Summer Softball Heats Up… June 24, 2015
By Jess Thomas
For four middle school level softball players, school doesn’t signal the end of the season. They are part of the team Mizuno Heat that competes in a youth travel softball league as a part of the Amateur Softball Association during the spring and summer.
The sixth and seventh grade squad is comprised of students from several school districts, including Nashoba District’s Kaitlyn Hollister of Stow, Lauren Bechara and Celia Vinacco of Bolton, and Anna Zeh of Lancaster. The four have helped the team to a 6-9 overall record so far.
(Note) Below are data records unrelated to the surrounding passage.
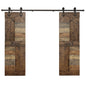 48in/60in/72in x 84in S Series Embossing DIY Knotty Pine Wood Double Sliding Barn Door With Hardware Kit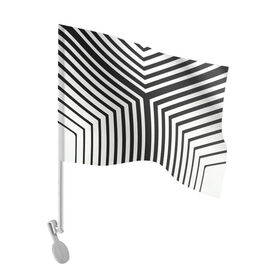 Флаг для автомобиля с принтом Кибер Зебра в Кировске, 100% полиэстер | Размер: 30*21 см | black and white stripes | geometry | vest | zebra | геометрия | зебра | тельняшка | черно белая полоска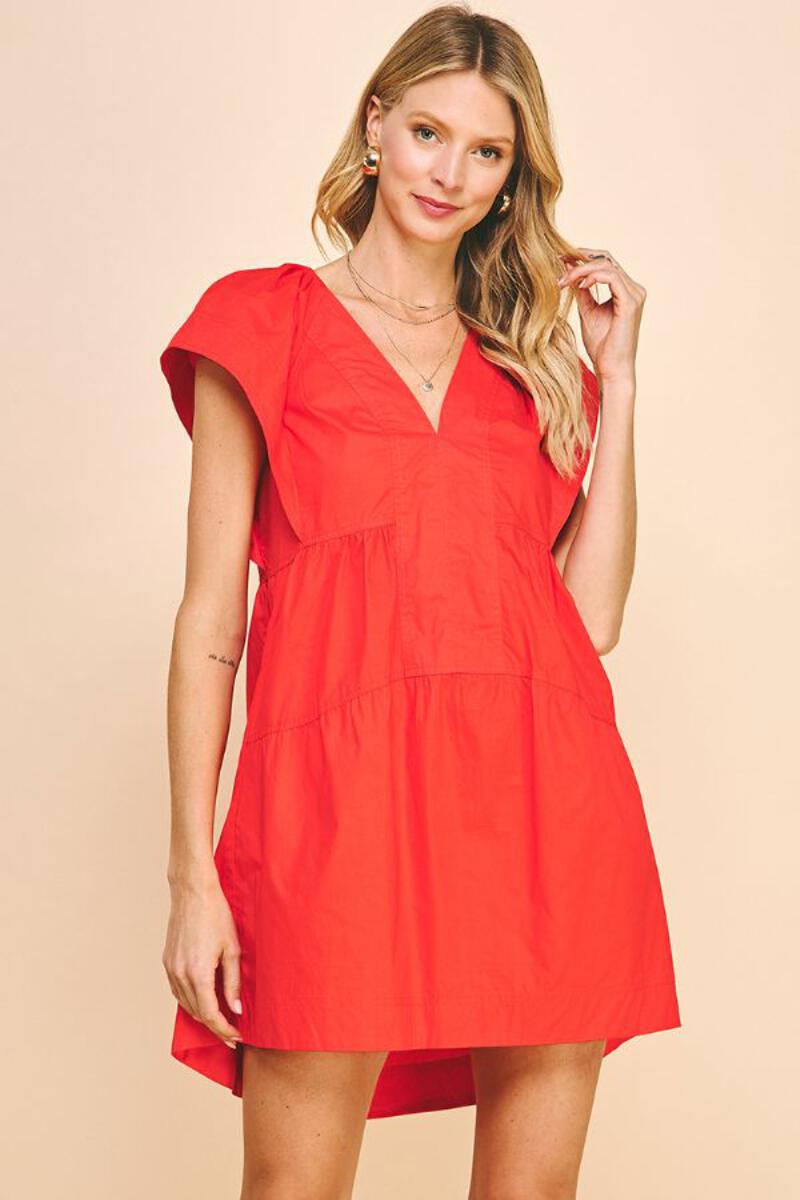 Cap Sleeve Vneck Tiered Mini Dress Tomato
Coach Karl Vinacco of Bolton and assistant coach Heather Malone, a Bolton graduate of Nashoba, lead the team through tournaments in the New England area.
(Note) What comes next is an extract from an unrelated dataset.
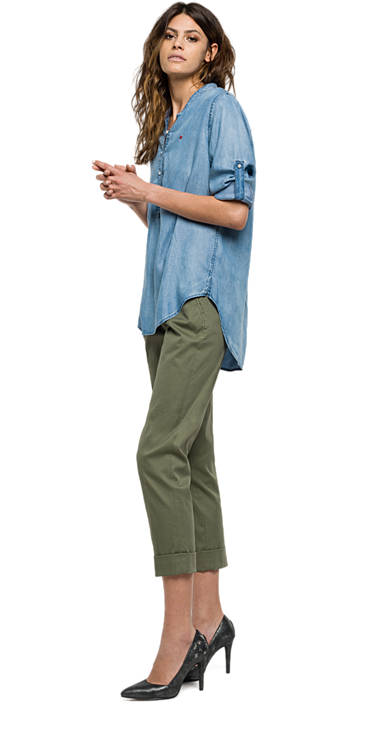 Decathlon Damen LIGHT DENIM Lange Jeanshemdbluse mit Stickerei Online Decathlon Damen LIGHT DENIM Lange Jeanshemdbluse mit Stickerei Online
The Heat are an “A” level travel team, which is the top and most competitive level of the three classifications, according to Vinacco, so they are playing the toughest teams that carry very talented players.
In the tournaments, the girls play three games in pool play (small groups of teams playing against each other) before being seeded to play single elimination games until a winner emerges.
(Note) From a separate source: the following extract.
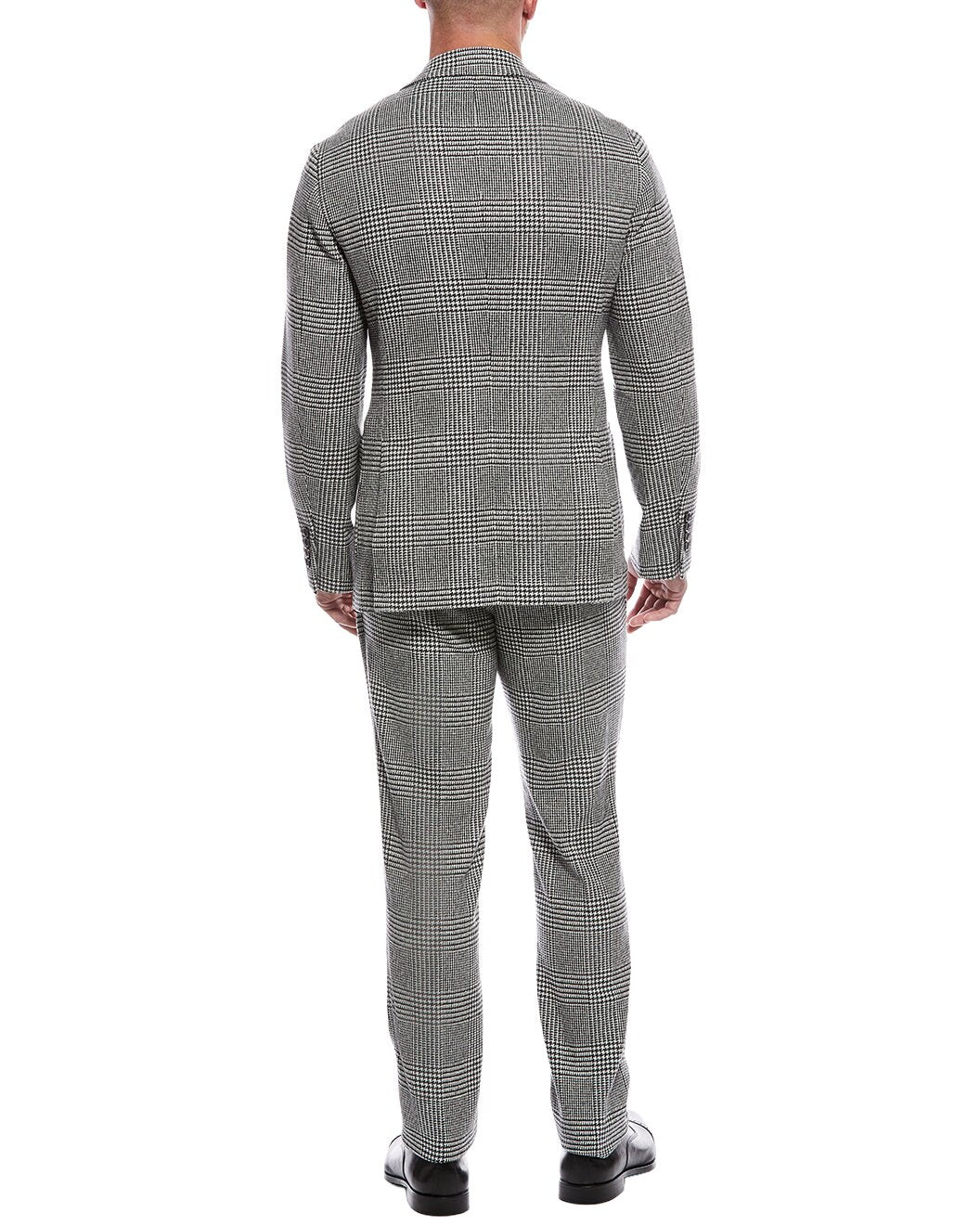 BRUNELLO CUCINELLI MEN'S GREY PLAID DOUBLE-BREASTED SUIT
“Our best team accomplishment was finishing as the number one team after pool play, which is a difficult feat, but then we lost a heartbreaker the next morning,” Vinacco said.
Vinacco said the team has lost two one-run contests, but the effort is certainly there as many of the teams that the Heat are playing are travel state champions who have been together for three or four summers.
“In terms of challenges, this team is comprised of seven girls who have never played travel before this year,” Vinacco said. “Similar to high school level, one or two mistakes or good plays can be the difference between winning and losing.”
Some highlights from the team are Celia Vinacco pitching a 13-0 no hitter and also hitting .400 at the dish, Bechara hitting around .300 and playing double duty at first base and outfield, as well as Hollister playing three positions and batting .350.
“The team has turned several real double plays, which at this level is advanced,” Vinacco said.
Malone, currently a university student, has been a major factor helping the girls improve both on and off the field in her first season as a coach.
Malone describes herself as a coach, friend, ally, mentor and confidant to her girls.
“I try to be there for the girls and support them in any way I can,” Malone said. “It could be anything, such as catching for girls during pitching lessons when a parent cannot make it, organizing and creating team bonding activities throughout the year, or even just being a sounding board for them.”
Malone played softball tournaments when she was younger and was a player for Nashoba during high school, so she knows how to connect with the sixth and seventh graders.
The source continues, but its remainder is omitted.